MI berlindung di SUN tenor pendek



JAKARTA. Tekanan di pasar obligasi mendorong manajer investasi semakin kreatif memutar portofolio. Obligasi bertenor pendek dan menengah menjadi pilihan bagi manajer investasi di tengah kondisi saat ini.

Yudi Rangkuti, Intermediary Business PT Schroder Investment Management Indonesia, mengatakan, tren suku bunga acuan Bank Indonesia atau BI rate tinggi mengakibatkan pasar obligasi tertekan. Agar kerugian tidak terlalu dalam, pihaknya memperbesar alokasi surat utang negara (SUN) jangka pendek dan menengah.

Instrumen ini lebih rendah fluktuasinya ketimbang obligasi tenor panjang. Kenaikan BI rate ikut mengerek imbal hasil dan menurunkan harga obligasi. Di tengah kondisi ini, kenaikan imbal hasil untuk tenor pendek cenderung lebih kecil daripada tenor panjang.


Namun sebaliknya, apabila pasar obligasi bullish, tenor panjang bakal mengalami penurunan imbal hasil lebih dalam dibandingkan tenor pendek. "Sekarang kami masuk ke seri-seri bertenor pendek defensif. Kami masuk ke SUN dengan rata-rata tenor 7 tahun hingga 9 tahun," kata Yudi, baru-baru ini.

Yudi mengatakan, pihaknya memperbesar porsi SUN karena likuditasnya yang tinggi dibandingkan obligasi korporasi. Porsi obligasi pemerintah sekitar 70% dan obligasi korporasi sekitar 30%.

Dampak kenaikan inflasi dan BI rate ini diperkirakan hanya berlangsung sementara. Yudi menduga, laju inflasi paling tinggi akan terjadi di bulan Juli dan kemudian akan kembali turun. "Karena itu, kami tidak terlalu agresif dan masih wait and see melihat inflasi nanti. Kalau inflasi masih sesuai ekspektasi pasar, maka pasar obligasi tidak akan tertekan terlalu dalam," ujar Yudi.

Dia memperkirakan, laju inflasi tahun ini bisa sekitar 7% hingga 8% dan turun di tahun depan menjadi di kisaran 4,5%. "Dengan demikian, tren BI rate akan kembali turun di 2014," kata Yudi.

Head of Research PT Mandiri Manajemen Investasi (MMI), Yusuf Ade Winoto mengatakan, pihaknya juga memperpendek durasi obligasi yang menjadi portofolio, seiring kenaikan imbal hasil di pasar obligasi. Adapun tenor obligasi yang menjadi pilihan sekitar 3 tahun hingga 5 tahun.

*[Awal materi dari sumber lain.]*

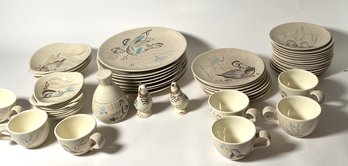 53 Piece Red Wing Hand Painted Dove Dinner Set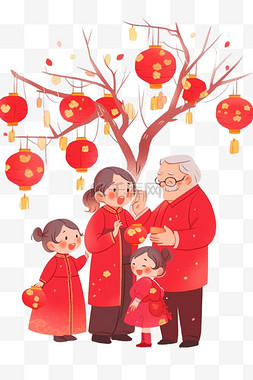 树枝上挂灯笼图片_看望父母团聚卡通新年手绘元素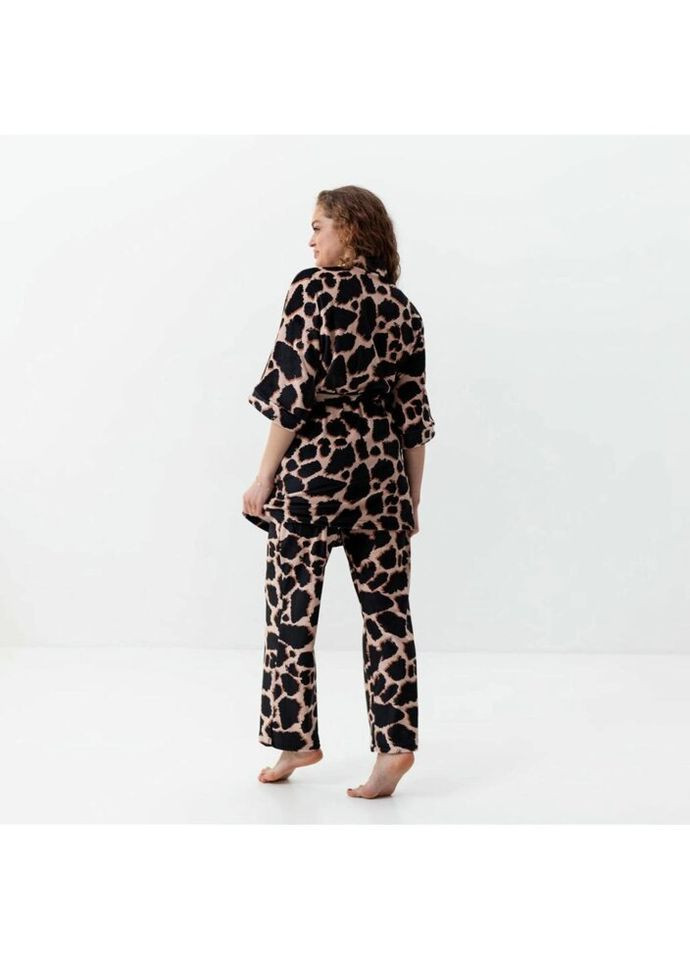 Комбінована всесезон комплект жіночий з плюшевого велюру штани та халат стильний жираф 3410_s 15923 s FlexDress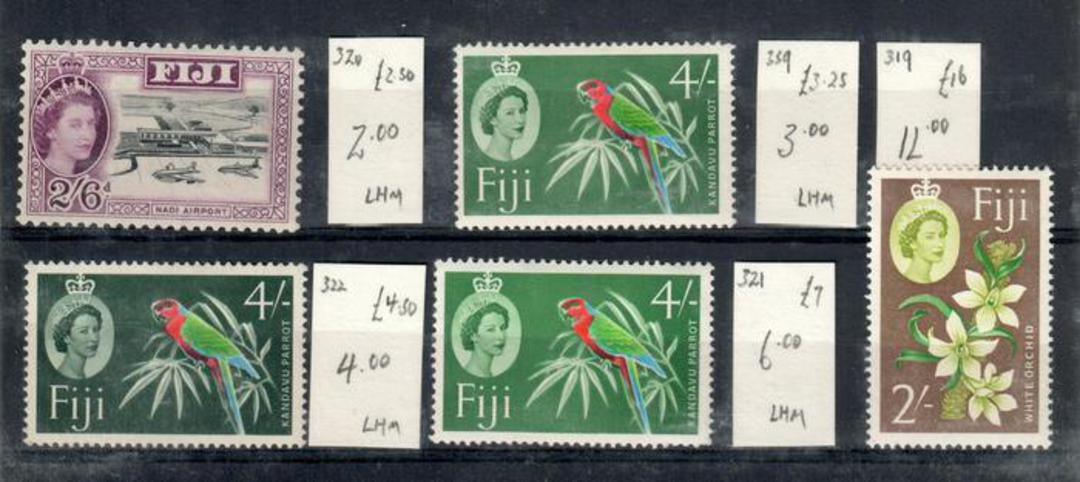 FIJI Selection of middle value of the Elizabeth block watermark issue. Retail $NZ 27.00 $US 12.00. - 20333 - LHM image 0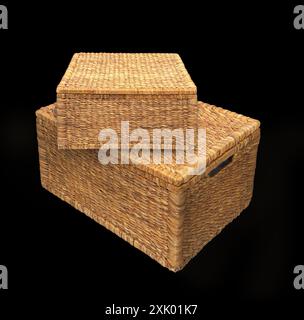 wicker Box isoliert auf schwarzem Hintergrund Stockfoto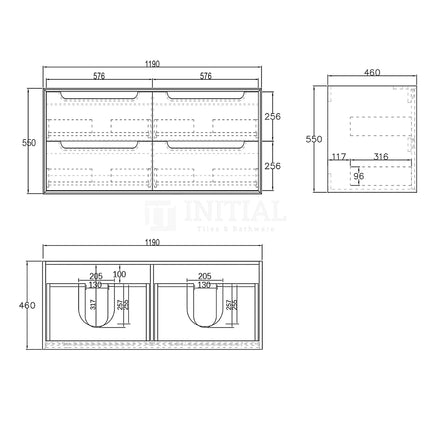 Otti Bruno Series Wall Hung Vanity with Double Basin Soft Close Doors Black Oak 1200W X 550H X 460D ,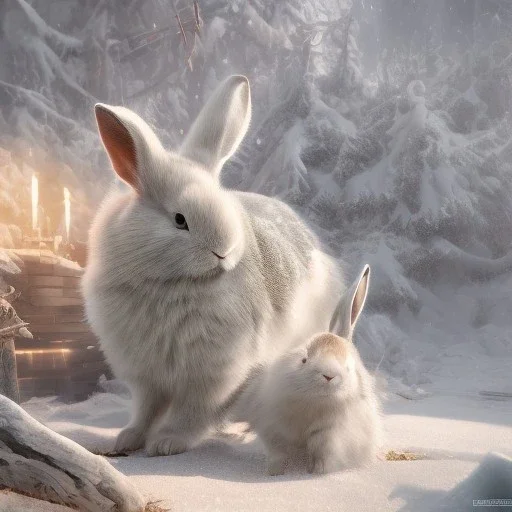 white rabbit, natural pigment, extremely sharp detail, finely tuned detail, ultra high definition, 8 k, unreal engine 5, ultra sharp focus, winter ambiance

Yusuf mengatakan, pihaknya tidak banyak melakukan rebalancing untuk reksadana terproteksi, karena return-nya sudah dikunci hingga jatuh tempo. "Sebagian besar kami lakukan rebalancing untuk reksadana pendapatan tetap," kata Yusuf.

Yusuf menambahkan, untuk obligasi korporasi, pihaknya memprioritaskan pada obligasi yang memiliki imbal hasil yang menarik, kupon tinggi, berperingkat minimal A dengan likuditas yang tebal. Untuk instrumen ini, pihaknya juga memilih tenor pendek dan menengah sekitar 3 tahun hingga 5 tahun. "Untuk obligasi korporasi, tidak kami trading-kan karena pasarnya tidak likuid," ujar Yusuf.

Analis Infovesta Utama Viliawati mengatakan hal senada. Menurut dia, imbas kenaikan BI rate ditambah pelemahan nilai tukar rupiah terhadap dollar Amerika Serikat (AS) mengakibatkan kenaikan yield terutama obligasi pemerintah untuk tenor panjang. "Sehingga untuk mengurangi dampak negatif dari penurunan harga obligasi, manajer investasi umumnya akan memilih obligasi dengan tenor pendek atau obligasi korporasi," kata Vilia.

Vilia menduga, para manajer investasi juga akan memilih obligasi korporasi berdurasi pendek. Langkah itu dilakukan dengan tujuan untuk mengantisipasi penurunan harga obligasi akibat kenaikan suku bunga dan potensi inflasi yang masih tinggi beberapa bulan mendatang. "Faktor likuiditas transaksi dan fundamental emiten obligasi juga perlu dipertimbangkan oleh manajer investasi," tambah Vilia.

Naiknya BI rate diperkirakan akan mempengaruhi kinerja reksadana pendapatan tetap. Imbal hasil produk reksadana dengan mayoritas aset dasar obligasi itu diduga terancam menyusut akibat harga obligasi yang tertekan. Vilia memperkirakan, rata-rata return reksadana pendapatan tetap tahun ini sekitar 5% hingga 7%.